- Exercise brief:
Omit the pictures. Transcribe exactly the lines below, from the one with "CADRE pour Honda WX10" up to and including the last.

- Recorded information:
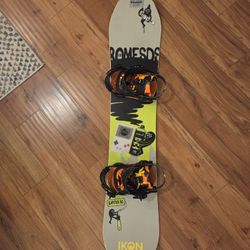 Kid's Rome snowboard And Union Bindings 
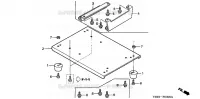 CADRE pour Honda WX10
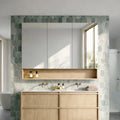 Clark Plywood Mirror Cabinet Sandy Oak Matte LK-LK-CLMC1200-SO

- Answer for this exercise:
 CADRE pour Honda WX10
 Clark Plywood Mirror Cabinet Sandy Oak Matte LK-LK-CLMC1200-SO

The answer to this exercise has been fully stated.